The IPAM.

. 3 min read . Written by Kuba Vitek
The IPAM.

Sunday, 29th December. Caribbean island of St. Kitts.

I sneaked some coffee (bevarages are on general not allowed outside the crew bar and crew mess) to the deck 13, basically the rooftop of our ship, one of only two decks crew and staff is allowed to. In front of me a ridiculously lush view of the island’s many forest-clad volcanos with their tops shrouded in clouds, and the glistening bodies of our ship’s dancers and singers, topping up their bronze under the scorching December sun. Personally I don’t think they’re very good - testament to which being also the fact one of the elderly guests in the audiance DIED during the Christmas Eve performance, but I do appreciate the dedication and energy they put into their presentation and shows day by day, twice every night, with the extras like their mortifying Christmas song acapella medley they delivered by the ship’s humongous Christmas tree. Speaking to quite a many different crew members in the past two weeks of our contract (has it really only been two weeks?!!!), I’m pretty sure there’s not a single occupation on this ship, no matter how high in the hierarchy you go, that’s easy, or easier than others.

Today I’m on so called IPAM duty. Every single crew member have their assigned role (for us it’s mainly helping to co-ordinate and scan cards of all guest that need to be accounted for, calming hysteric outbreaks) and muster station - places where guest and staff gather during the times of emergency. On the ‘sea days’ we sell. 12 hours a day, every day. No days off. If the ship sails, you work. On most of the port days, the shopping assistants are allowed to disembark (unless they put you on a fucking ‘brilliant customer service’ or ‘firefighting’ training) and enjoy a few fleeting moments of freedom. We need to be back on ship before the guests - around 3.30pm, sometimes 5pm if we get lucky, of course back to work the same day 6-10pm (once again after the ship starts moving, because only then you’re allowed to sell duty free), which proves particularly challenging should you spend your port day tasting incredibly sweet and incredibly strong caribbean cocktails and getting second degree burns under the Barbados sun (yes, that was me yesterday). It’s one of those cruel proofs of relativity - you know the kind of ‘touch a hot pan and a second feels like an hour, touch a hot woman and an hour feels like a second’ : the four hours shifts following our port days feel incomparably longer than our usual 12-14 hours working days.
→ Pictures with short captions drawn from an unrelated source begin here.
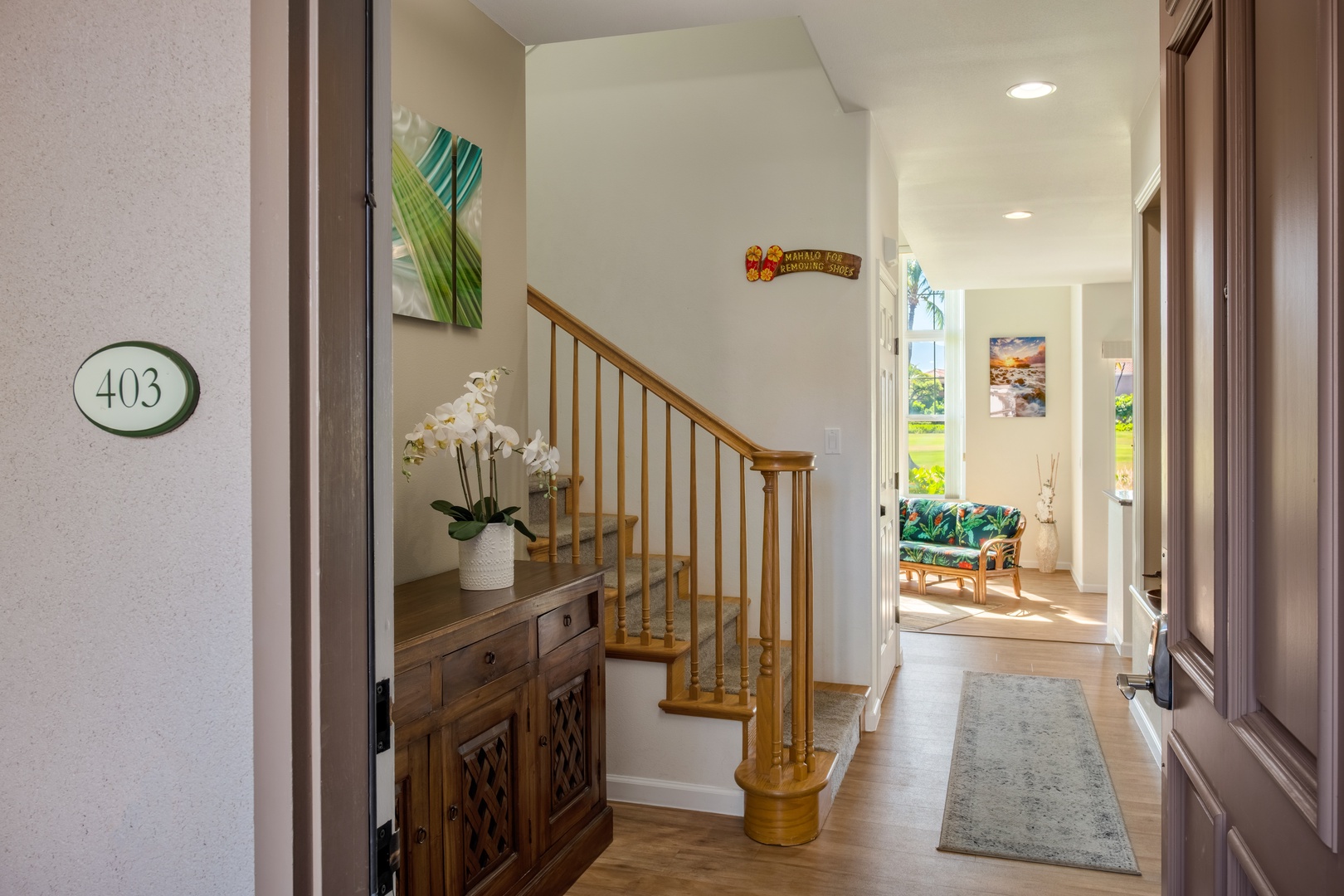 Waikoloa Vacation Rentals, Waikoloa Colony Villas 403 - Elegant entryway with a welcoming staircase and tasteful floral accents.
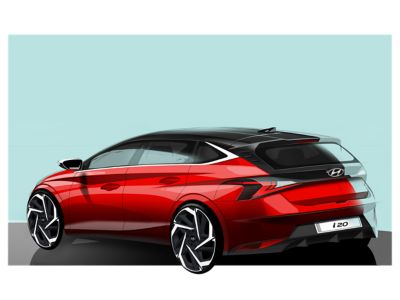 Štúdia nového modelu Hyundai i20 červenej farby na zelenom pozadí, pohľad z ľavej zadnej strany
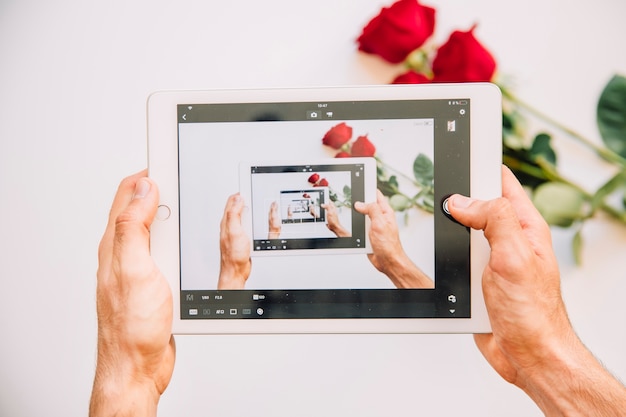 Free photo taking photo of roses with tablet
Whilst being IPAM, you’re literally just on a standby, so people usually use the opportunity to catchup on some sleep and laundry, so that’s pretty much my plan. I did some running on the deck 9, literally almost jumping over the sunbathing elderly who for some odd reason choose to hang around the ship rather than exploring the island, absolutely dreading all along that I’d be stopped and disciplined by some of the higher ranking officers - the strict nature of this particular luxury cruise line does that to you...at least that way my heart rate peaked on around 170. Only on the port days, we’re graciously allowed to use the onboard spa in between 6-8pm (as a shopee working from 6pm, you can really only go on your night off - we each got one single night off as a little Christmas treat - which is my case tonight). In effect this will be my first full day off since 15th December. I feel spoiled and very lucky and also sad that this would not be repeated in the six coming months. Tomorrow we’re docking at St. Martin island. Half day, exploring, evening shift and what follows are three days sailing towards New York, half day off & the whole seven days transatlantic crossing again (seven days of 12hrs shifts with absolutely zero time for anything else), which had almost cost me my sanity and my feet the frist time around.

Time to enjoy some forbidden coffee on the sun (I feel like SUCH a rebel), listen to the incredibly gay and incredibly dull conversations of our theatre team, watch the pterodactyl-like sea birds circling the chimneys of our ship (seriously what are those? Can someone google them for me? Ah, I miss Google) and pretend to read whilst falling asleep and adding a few degrees to those burns on my back.